A finalidade do processo administrativo, e dos órgãos que realizam o julgamento a respeito da validade de cobranças feitas pelo Estado, é realizar um controle interno da legalidade dessas cobranças.
Verificar se estão de acordo com a lei. Isso porque os agentes fiscais, como qualquer outro ser humano, erram.
Inclusive quando calculam e cobram tributos. É um equívoco de base, portanto, alterar o processo em que se faz esse controle, com a finalidade declarada de aumentar a arrecadação.

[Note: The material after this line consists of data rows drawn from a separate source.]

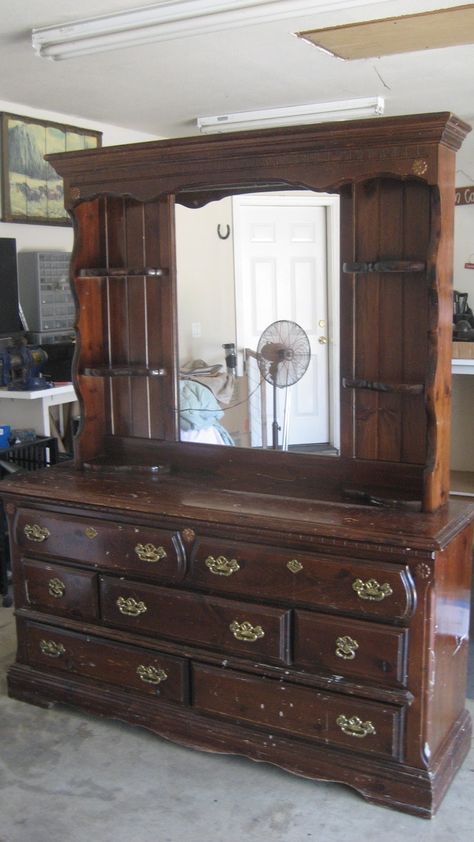 Spruce Your Nest: Behold the ugly dresser!! Updating Bedroom Furniture, Black Dresser Diy, Decor Dresser Top, Mirrored Headboard, Cork Candle Holder, Dresser Top Decor, Antique Dresser With Mirror, Dresser Hutch, Redoing Furniture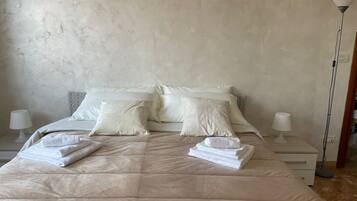 2 Schlafzimmer, Schreibtisch, Bügeleisen/Bügelbrett, Reisekinderbett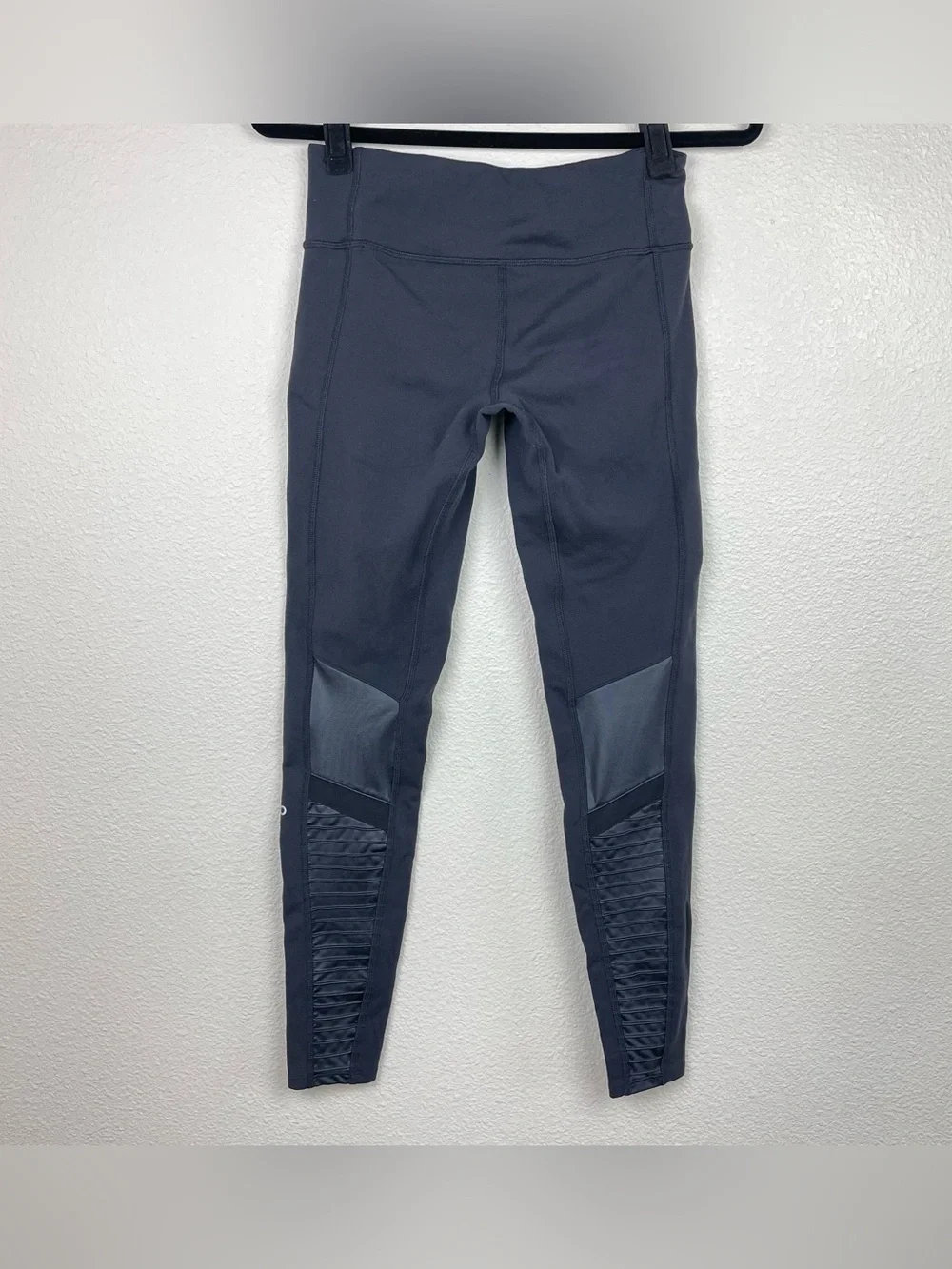 Alo Yoga Women's Small Black Moto Panel Leggings Mid Rise Athletic Casual Gym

Reduziu-se, por exemplo, o prazo para a defesa do contribuinte. O pretexto foi tornar o processo mais rápido.
Não se sabe, contudo, como um encurtamento de apenas alguns dias pode acelerar um processo que normalmente dura vários anos; principalmente porque a lei alterou também os prazos da Fazenda, mas para duplicá-los!

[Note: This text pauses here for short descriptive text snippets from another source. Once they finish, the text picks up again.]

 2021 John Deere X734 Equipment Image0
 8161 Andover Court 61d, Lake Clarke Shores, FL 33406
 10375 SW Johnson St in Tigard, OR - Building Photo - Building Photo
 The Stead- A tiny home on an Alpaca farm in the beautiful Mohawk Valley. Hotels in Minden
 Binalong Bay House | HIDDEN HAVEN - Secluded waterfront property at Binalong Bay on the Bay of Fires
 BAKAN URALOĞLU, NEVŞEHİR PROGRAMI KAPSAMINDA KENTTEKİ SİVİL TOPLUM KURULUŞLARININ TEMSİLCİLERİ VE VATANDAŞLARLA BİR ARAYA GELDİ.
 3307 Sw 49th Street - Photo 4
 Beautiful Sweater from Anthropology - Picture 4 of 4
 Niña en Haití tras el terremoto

O verdadeiro motivo é claro: cercear o direito daquele que, recebendo um auto de infração complexo e volumoso, tem pouco tempo para compreendê-lo, contratar um defensor e juntar as provas necessárias à defesa.
E por falar em provas, também a possibilidade de que sejam produzidas foi sensivelmente amesquinhada, como se o interesse em descobrir a verdade não fosse também do Fisco: conhecer os fatos é essencial à correta aplicação da lei, não devendo ser visto como um favor feito ao contribuinte.

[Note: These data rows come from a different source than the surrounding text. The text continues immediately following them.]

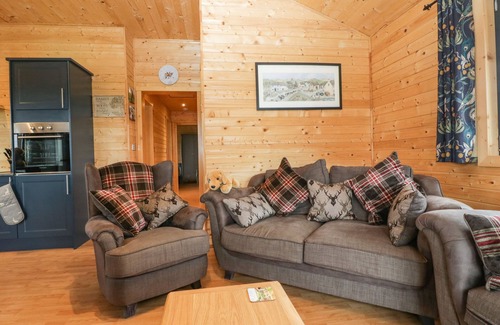 Middlezoy Cabaña | THE LODGE AT CROSSROADS FARM, pet friendly in Middlezoy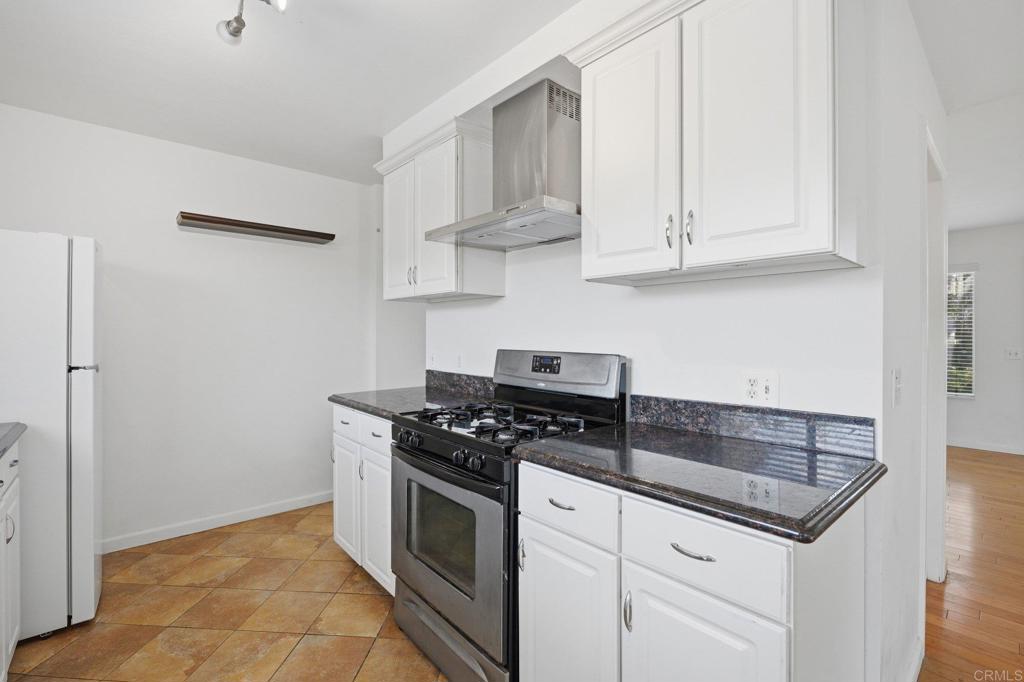 3580 Surf Place - photo 13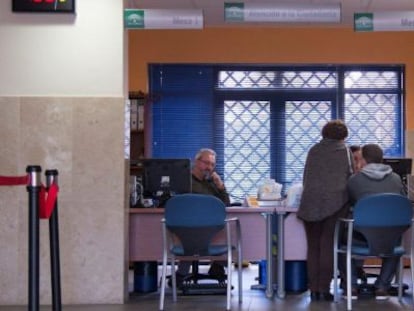 Dos personas son atendidas en la ventanilla del Centro de Salud Don Paulino.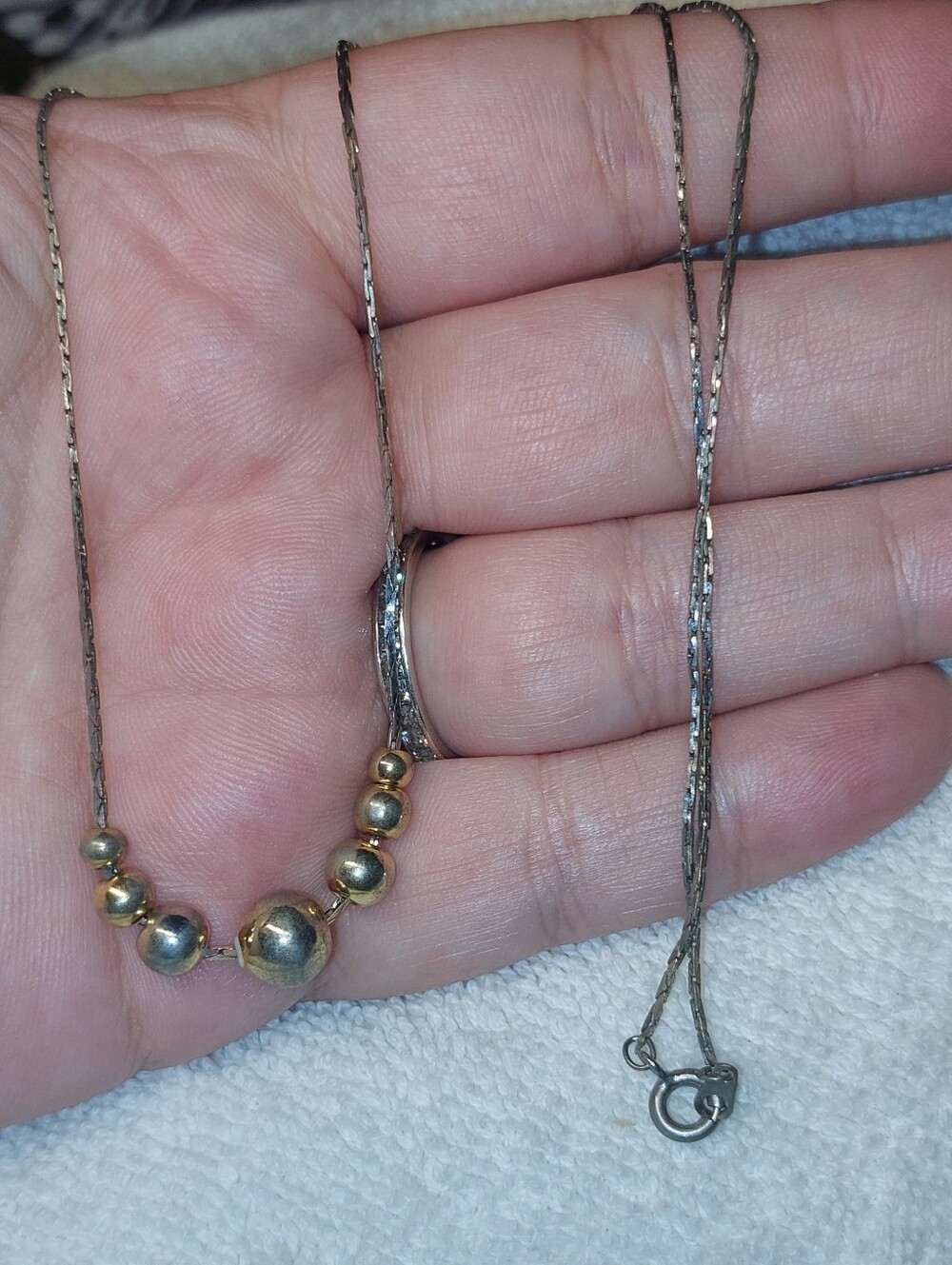 Elegant Two-Tone Beaded Necklace - Gold and Silver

Enfim, o direito de quem se defende falar por último nas sessões de julgamento, a possibilidade de se aprovarem súmulas desrespeitando a paritariedade e o entendimento do próprio contencioso e do Judiciário, a realização de perícias pelos mesmos auditores que levaram a efeito o lançamento e não têm assim o distanciamento necessário, as mudanças foram muitas; reunidas empobrecem bastante o controle da legalidade dos lançamentos tributários por parte do Contencioso da Sefaz/CE.
Examiná-las todas não se comportaria nos limites deste artigo, mas não posso deixar de fazer aqui duas considerações.
Uma maior arrecadação, às custas da supressão do direito de defesa, e do direito ao esclarecimento da verdade, ofende o Estado de Direito.
Reduzir a capacidade do contencioso administrativo de controlar cobranças indevidas deveria ser visto como negativo pela própria Fazenda, se esta tivesse preocupação com o Direito, e não só com o dinheiro, até porque muitas dessas questões, não solucionadas administrativamente, terminarão sendo levadas ao Judiciário, com aumento de custos (inclusive sucumbenciais) para todos.
Finalmente, o Estado do Ceará tem hoje como governador, chefe máximo do Executivo (e de toda a Fazenda) um ilustre advogado, filiado à Ordem dos Advogados do Brasil, além de a Ordem ter assento, com voz e voto, nas deliberações do contencioso administrativo.
Não poderia haver cenário institucional mais propício, caso se queira, para o restabelecimento do respeito ao Direito, ao qual toda arrecadação, em um País civilizado, se deve submeter.